→ YOUR TASK
Should pictures appear among the records, leave them out, and copy exactly only the lines from the first through the one with "Scourge is available", inclusive.

→ STUDY MATERIAL
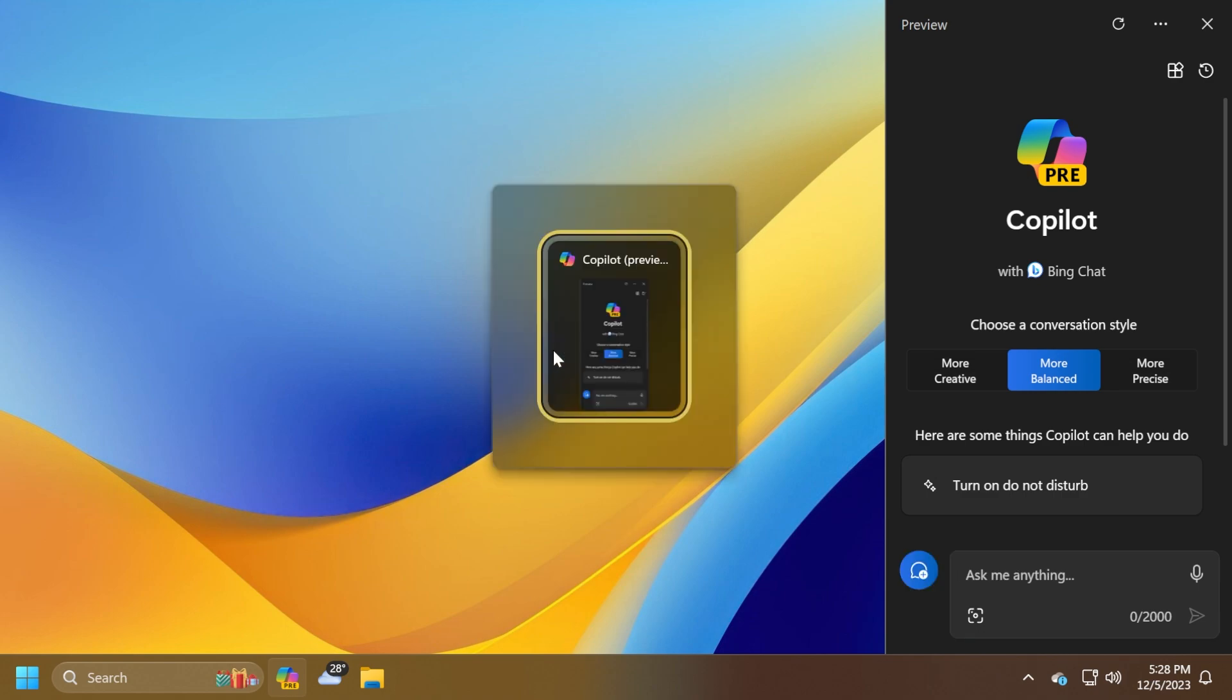You can also use Copilot in Windows with Alt plus Tab. When you press Alt plus Tab, the thumbnail preview for Copilot appears among the other thumbnail previews of open windows. You can switch between them using the Tab key. This is available to a small audience initially but will be rolled out to more users in the near future.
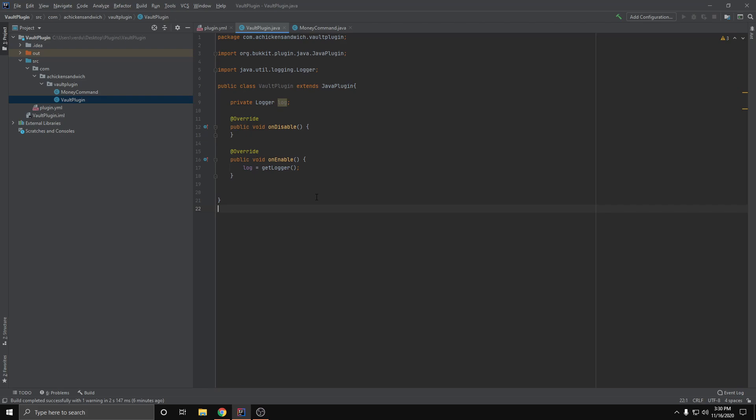Hello guys and welcome back to another Bukkit plugin tutorial. Today I'm going to show you how to use the Vault API and more specifically the economy part of it. There are three parts to the Vault API: economy, chat, and permissions. Today we're only going to be going over the economy.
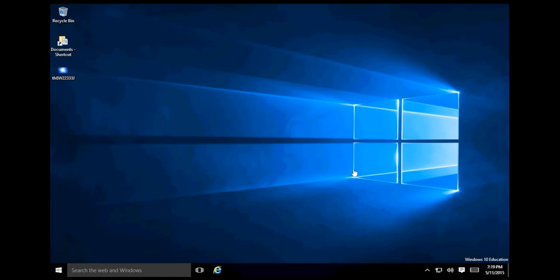G'day guys, Jake here with you. Today I'm going to be showing you how to enable the developer features inside of Windows 10.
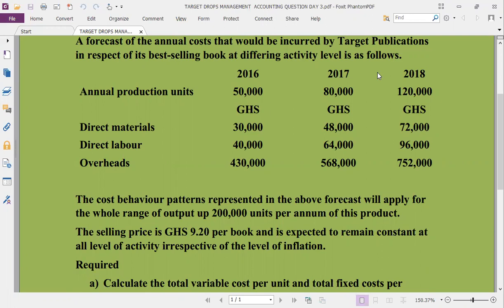The cost behavior patterns represented in the above forecasts will apply for the whole range of outputs up to 200,000 units per annum. The relevant range therefore spans from a minimum of 50,000 up to 200,000 units. The selling price is GHC 9.20 per book and it's expected to remain constant at all levels of activity, irrespective of inflation — confirming the assumption of cost-volume-profit analysis.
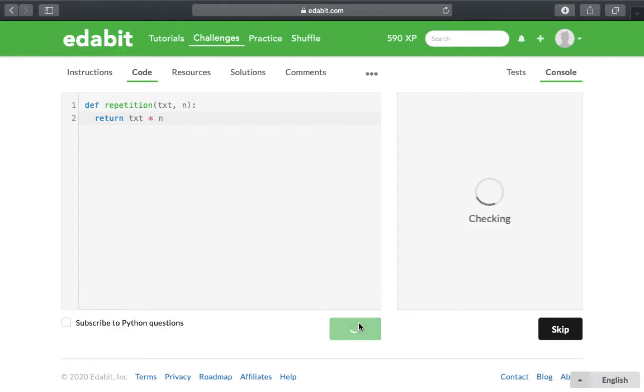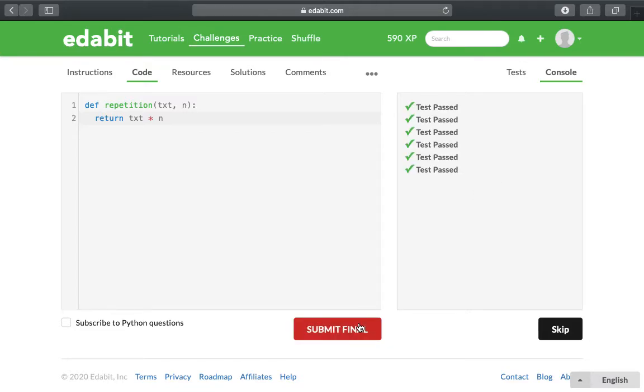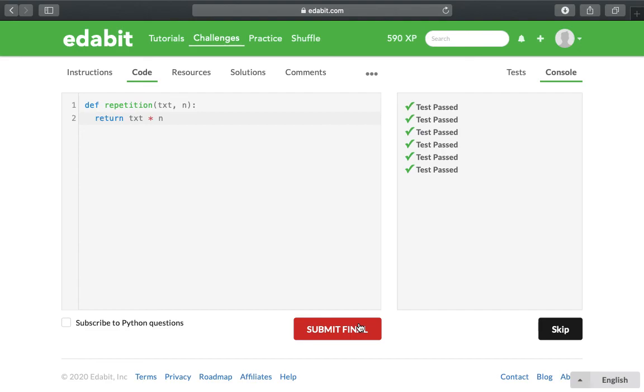Then you check it and see if it is correct, which it should be because you're just repeating the same string however many times is allocated in the second parameter. I passed all my tests and that's how you repeat a string a certain number of times in Python.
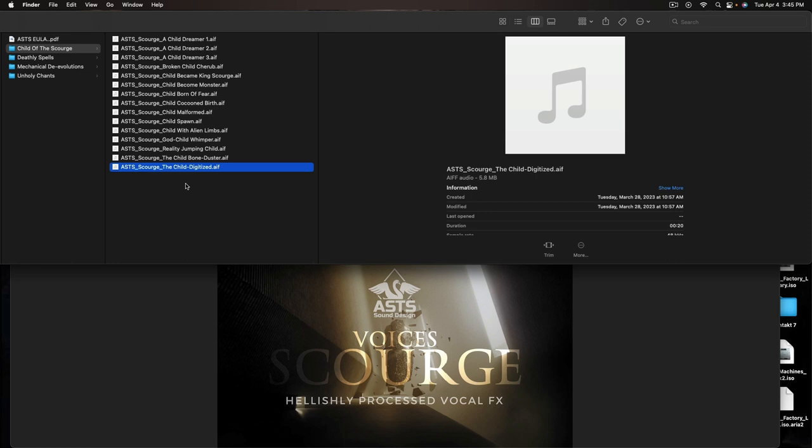Scourge is available now and it is over at our website at ASTS-Sounds.com. It is $20. It's an intro price of $16 at this very moment, or as of time of recording. So I highly recommend you go and check it out, as well as some of the other products. We will have more products in the Voices line, just like we're going to do with our Armaments line. So definitely keep an eye out for that.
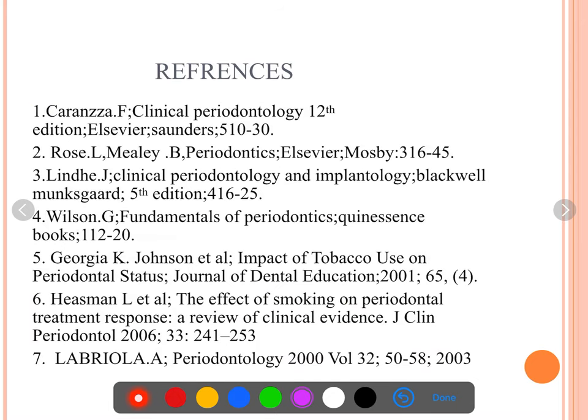A good conclusion will really do well. These are the references — as mentioned, go through Lindhe, Rose-Mealey, and Carranza. Those are the books referred to, along with the article that was mentioned earlier, which is also included in the references.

→ PROBLEM SOLUTION
You can also use Copilot in Windows with Alt plus Tab. When you press Alt plus Tab, the thumbnail preview for Copilot appears among the other thumbnail previews of open windows. You can switch between them using the Tab key. This is available to a small audience initially but will be rolled out to more users in the near future.
Hello guys and welcome back to another Bukkit plugin tutorial. Today I'm going to show you how to use the Vault API and more specifically the economy part of it. There are three parts to the Vault API: economy, chat, and permissions. Today we're only going to be going over the economy.
G'day guys, Jake here with you. Today I'm going to be showing you how to enable the developer features inside of Windows 10.
The cost behavior patterns represented in the above forecasts will apply for the whole range of outputs up to 200,000 units per annum. The relevant range therefore spans from a minimum of 50,000 up to 200,000 units. The selling price is GHC 9.20 per book and it's expected to remain constant at all levels of activity, irrespective of inflation — confirming the assumption of cost-volume-profit analysis.
Then you check it and see if it is correct, which it should be because you're just repeating the same string however many times is allocated in the second parameter. I passed all my tests and that's how you repeat a string a certain number of times in Python.
Scourge is available now and it is over at our website at ASTS-Sounds.com. It is $20. It's an intro price of $16 at this very moment, or as of time of recording. So I highly recommend you go and check it out, as well as some of the other products. We will have more products in the Voices line, just like we're going to do with our Armaments line. So definitely keep an eye out for that.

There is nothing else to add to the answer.